> _What you will do_: Please print, exactly, only the lines in the entries below from the line that has "Woman wearing a" through the line that has "Magical fairytale photo". Pictures don't go in.

> _Task data_:
=======

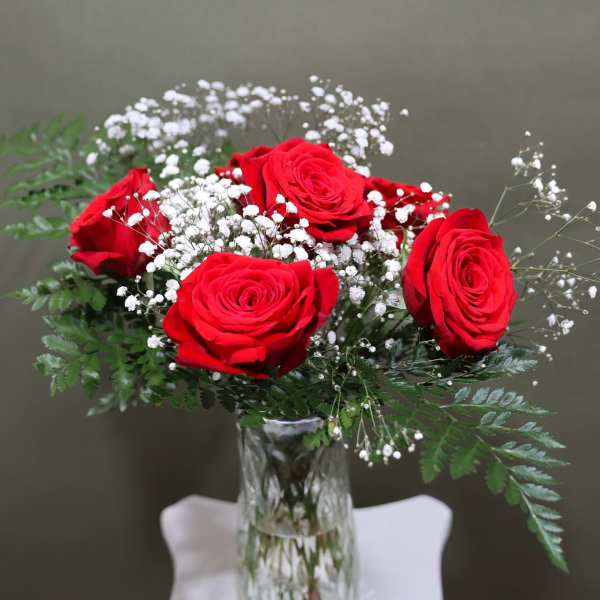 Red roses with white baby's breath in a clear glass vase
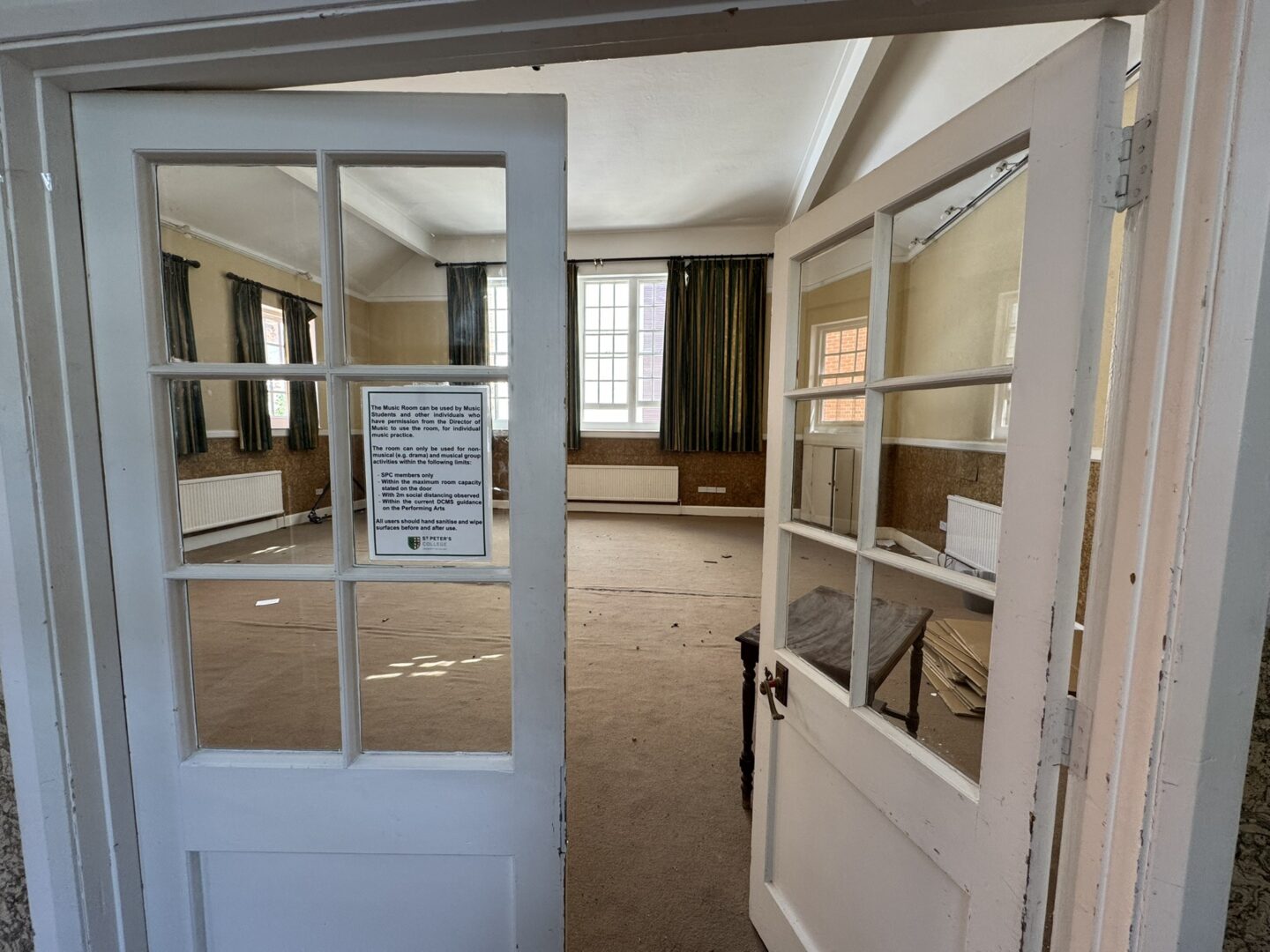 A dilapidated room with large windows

=======

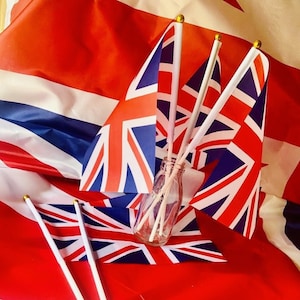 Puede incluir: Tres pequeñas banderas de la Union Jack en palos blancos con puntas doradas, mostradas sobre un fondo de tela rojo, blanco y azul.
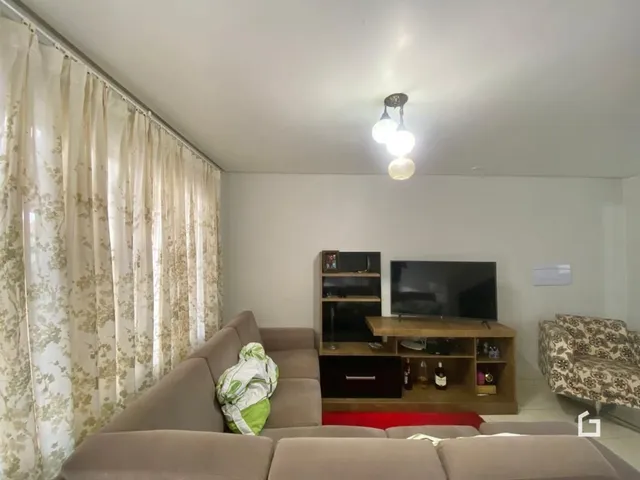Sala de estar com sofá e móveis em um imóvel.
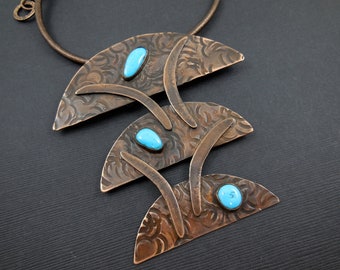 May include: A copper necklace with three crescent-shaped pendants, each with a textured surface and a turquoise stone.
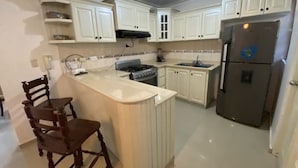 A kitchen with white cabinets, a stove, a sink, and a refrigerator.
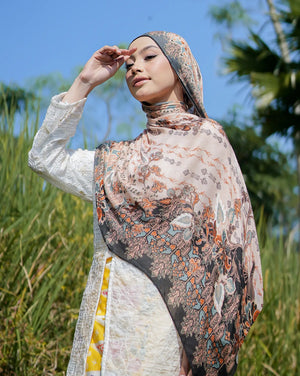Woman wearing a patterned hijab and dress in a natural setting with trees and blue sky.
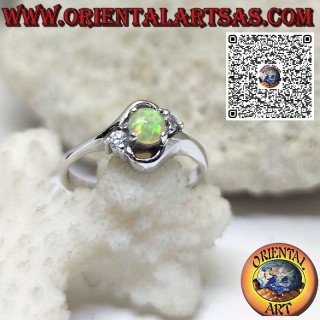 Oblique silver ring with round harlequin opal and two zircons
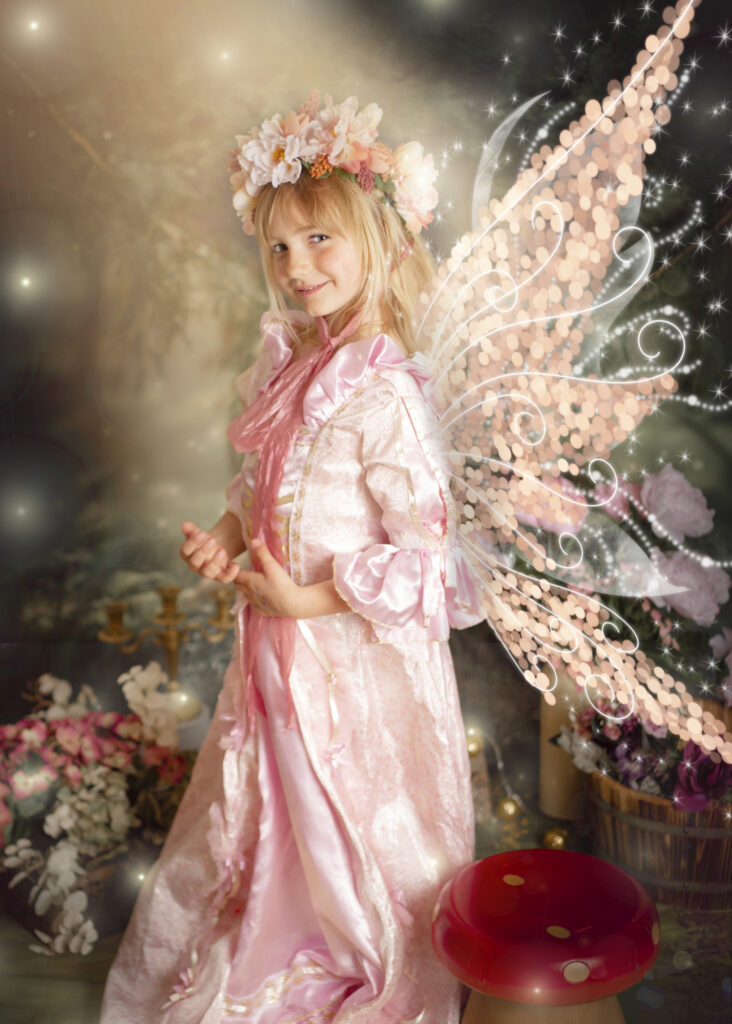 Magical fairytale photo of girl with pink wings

=======

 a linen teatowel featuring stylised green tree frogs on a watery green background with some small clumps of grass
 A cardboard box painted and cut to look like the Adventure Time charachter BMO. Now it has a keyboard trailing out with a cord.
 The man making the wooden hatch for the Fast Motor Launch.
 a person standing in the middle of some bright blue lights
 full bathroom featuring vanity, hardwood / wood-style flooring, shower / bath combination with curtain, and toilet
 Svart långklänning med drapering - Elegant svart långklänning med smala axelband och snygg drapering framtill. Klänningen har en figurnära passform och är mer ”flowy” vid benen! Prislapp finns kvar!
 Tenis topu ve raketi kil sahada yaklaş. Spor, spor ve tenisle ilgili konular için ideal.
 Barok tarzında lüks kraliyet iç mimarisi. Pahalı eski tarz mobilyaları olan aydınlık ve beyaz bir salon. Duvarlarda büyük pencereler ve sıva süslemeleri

=======

> _Answer section_:
Woman wearing a patterned hijab and dress in a natural setting with trees and blue sky.
 Oblique silver ring with round harlequin opal and two zircons
 Magical fairytale photo of girl with pink wings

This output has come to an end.